Quote word for word the lines below, beginning with the first and ending with the one that has "Langwyqu Women's Tank". Drop the pictures.

Web page caption snippets
• • •

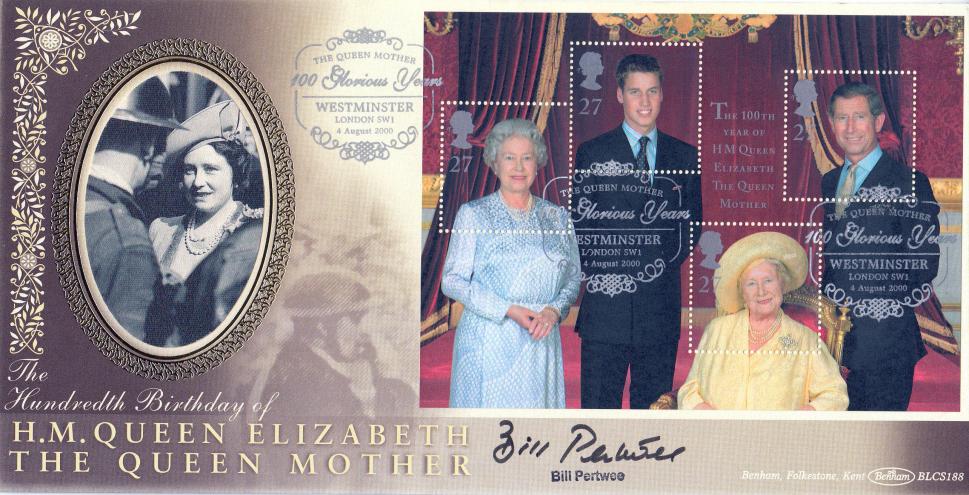 2000 (08) Queen Mother - Benham BLCS 188 Official - Signed by Bill Pertwee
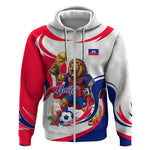 Personalized Haiti Football Champions Zip Hoodie Roaring Lion Soccer Mascot With Haiti Trophy Flag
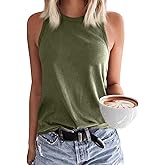 Langwyqu Women's Tank Tops Summer Basic Crewneck Sleeveless Casual Loose Fit Shirts Tees
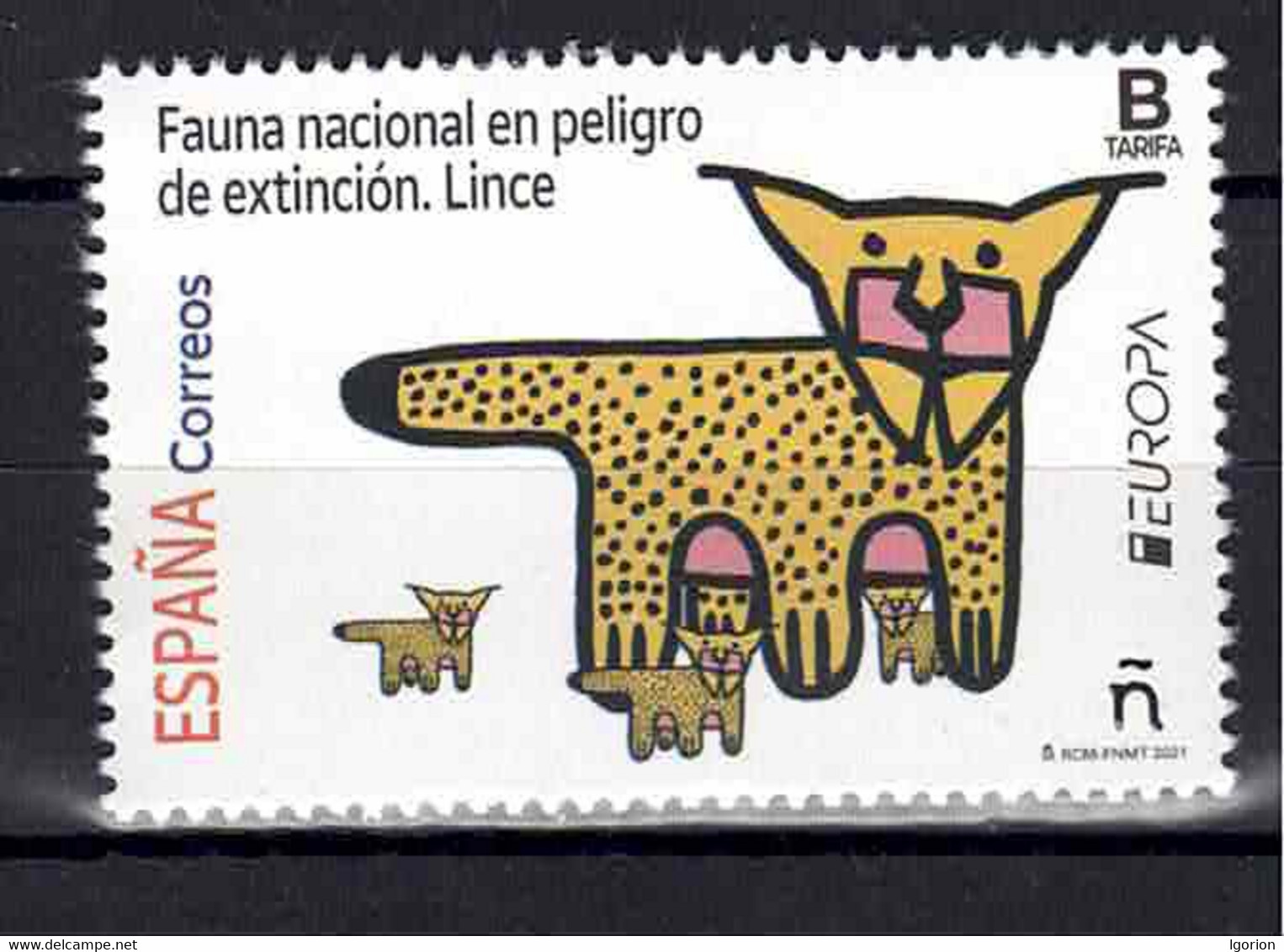 ESPAÑA 2021  ** MNH ED. 5484 EUROPA. FAUNA NACIONAL EN PELIGRO DE EXTINCION. LINCE - Unused Stamps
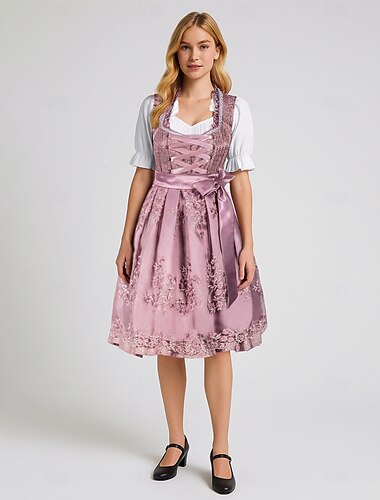  Oktoberfest Robe Tenues Dirndl Bavarois Femme de ménage Allemand Munich Prairies Femmes Tissu de style traditionnel Chemise Robe Tablier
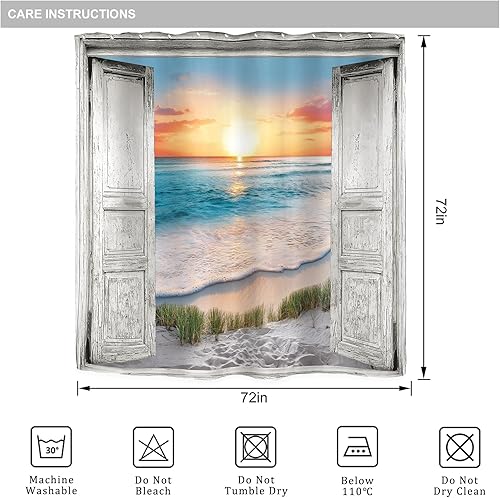 Miniatura 6 de Riyidecor Cortina de ducha para puerta de granero gris para decoración de baño, 72 pulgadas de ancho x 72 pulgadas de alto, paisaje hawaiano, olas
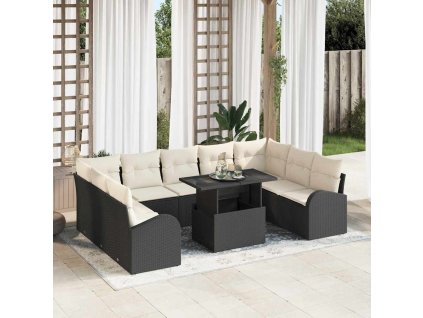 Sada pohoviek s vankúšom 10 pcs Čierna a krémová polyratan 3348703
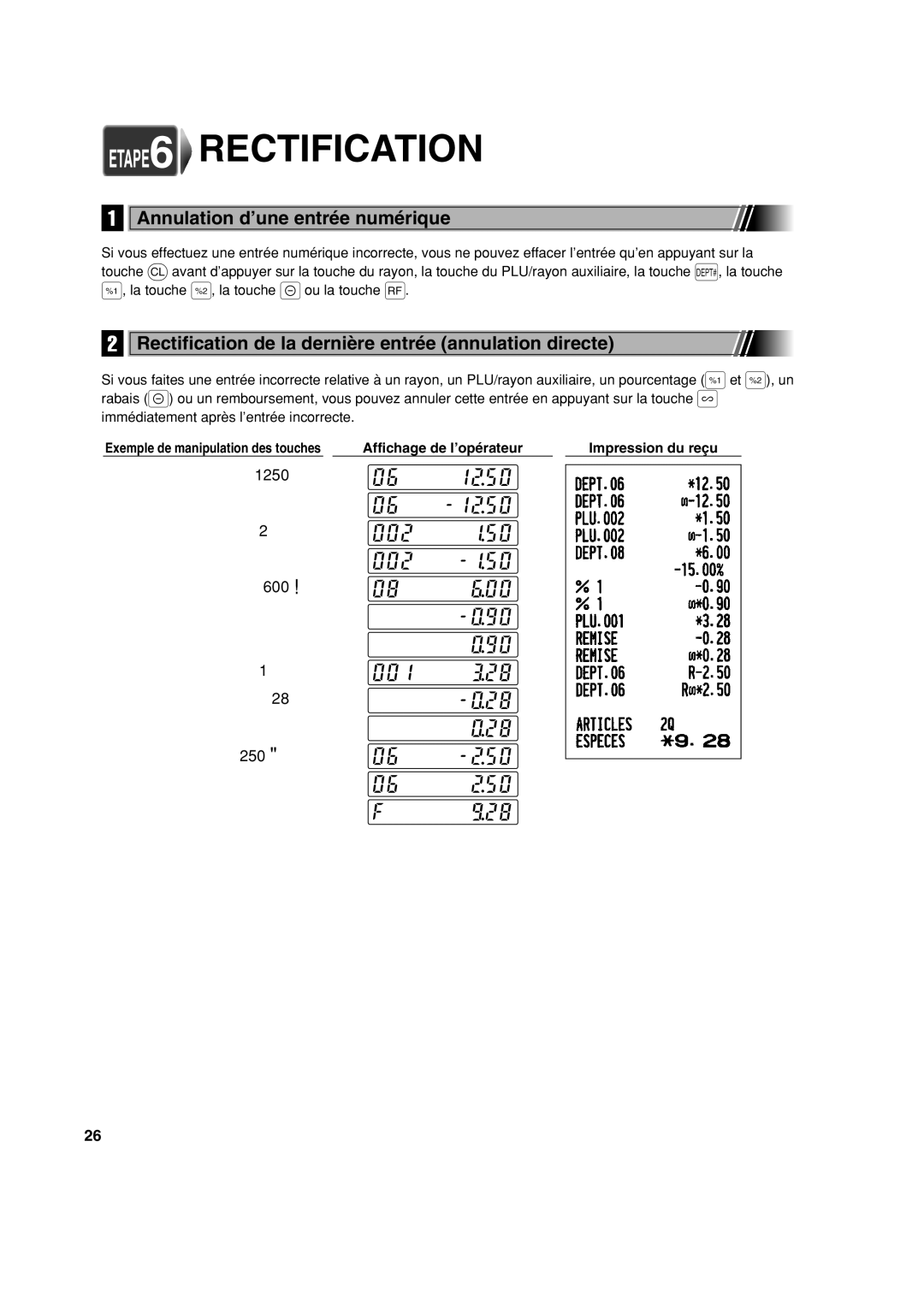 Sharp XE-A113 instruction manual ETAPE6 Rectification, Annulation d’une entrée numérique 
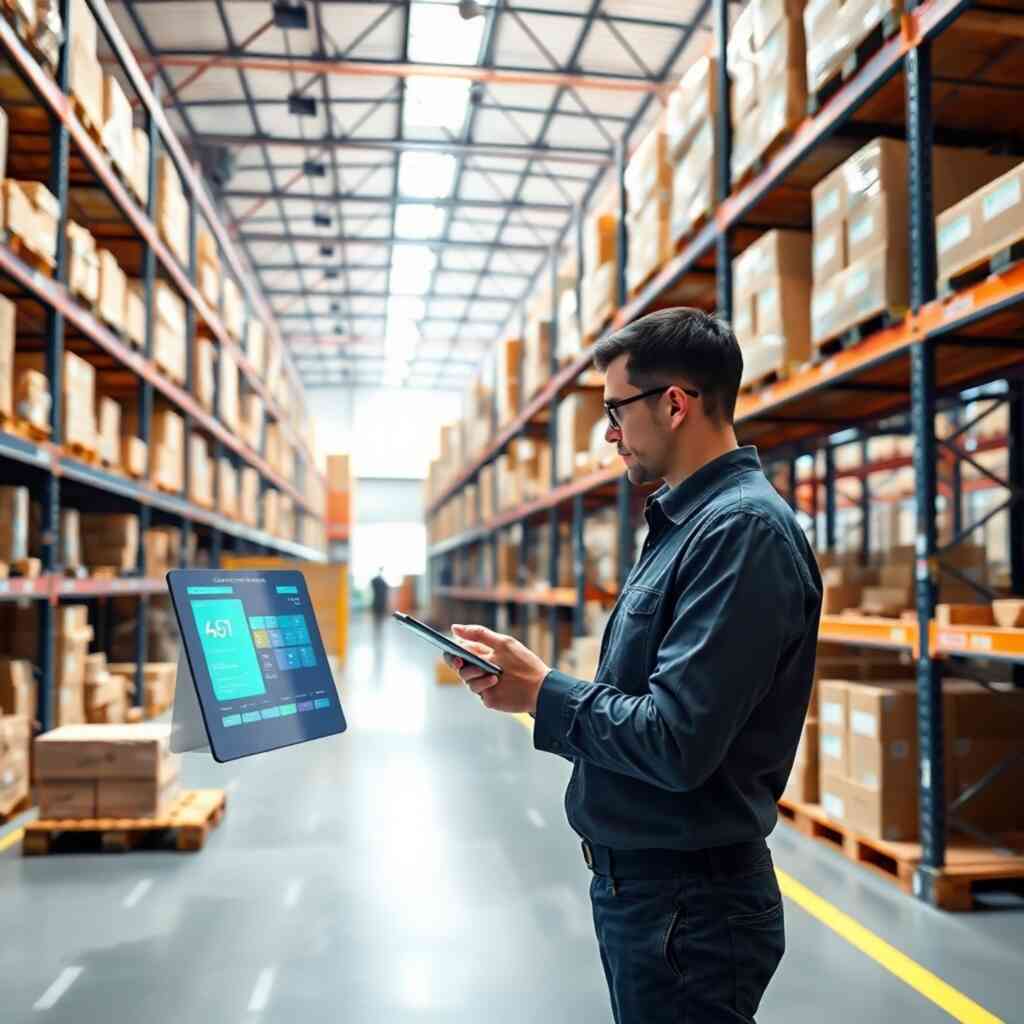 A photorealistic image of a warehouse scene with modern technology, showcasing efficient inventory management.  The image should depict a clean and organized environment, with high-tech tools used to track inventory levels. The color palette should be bright and professional.  The overall mood should feel modern and efficient, reflecting effective inventory management.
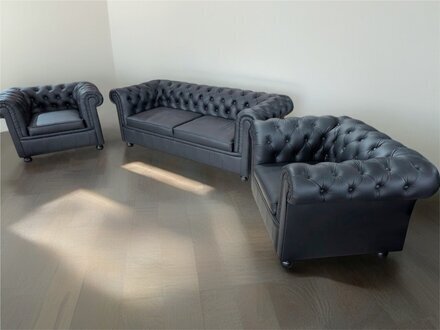 Chesterfield Set Einrichtung Möbel Sitzgarnitur Couch Sofa Couchen 3+1+1 Sofort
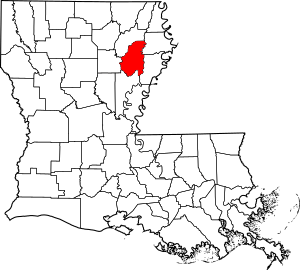 Map of Louisiana highlighting Franklin Parish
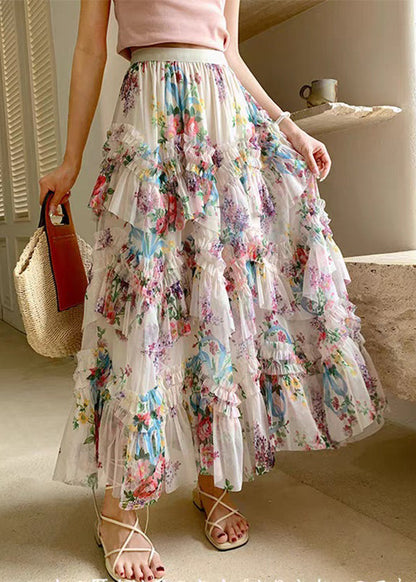 Ruffled Skirts Pink Tulle Patchwork Beautiful Asymmetrical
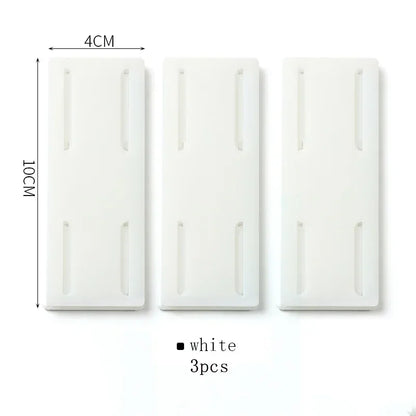 Lot de 3 plaques blanches rectangulaires 10x4 cm avec rainures pour fixation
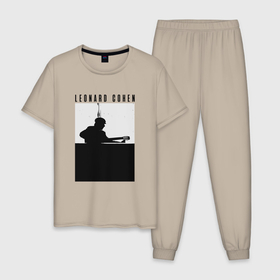 Мужская пижама хлопок с принтом Tribute to Leonard Cohen в Курске, 100% хлопок | брюки и футболка прямого кроя, без карманов, на брюках мягкая резинка на поясе и по низу штанин
 | 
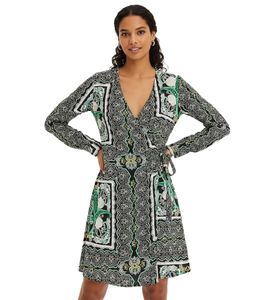 Summer Women's Mini Wrap Dress with Paisley Pattern 942167 Black/Green/White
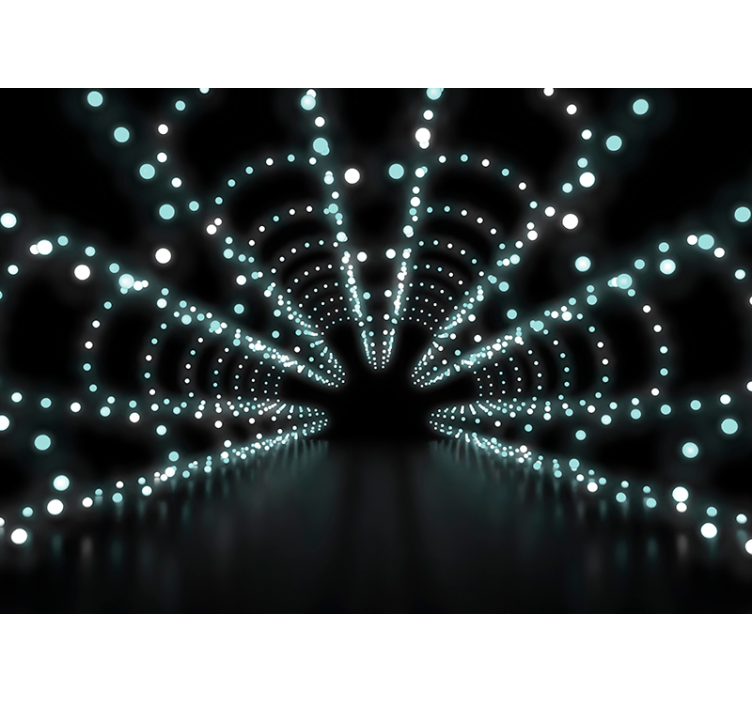 Carta da parati 3D tunnel bianco e nero - TenStickers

• • •

◆ PROBLEM SOLUTION ◆
 2000 (08) Queen Mother - Benham BLCS 188 Official - Signed by Bill Pertwee
 Personalized Haiti Football Champions Zip Hoodie Roaring Lion Soccer Mascot With Haiti Trophy Flag
 Langwyqu Women's Tank Tops Summer Basic Crewneck Sleeveless Casual Loose Fit Shirts Tees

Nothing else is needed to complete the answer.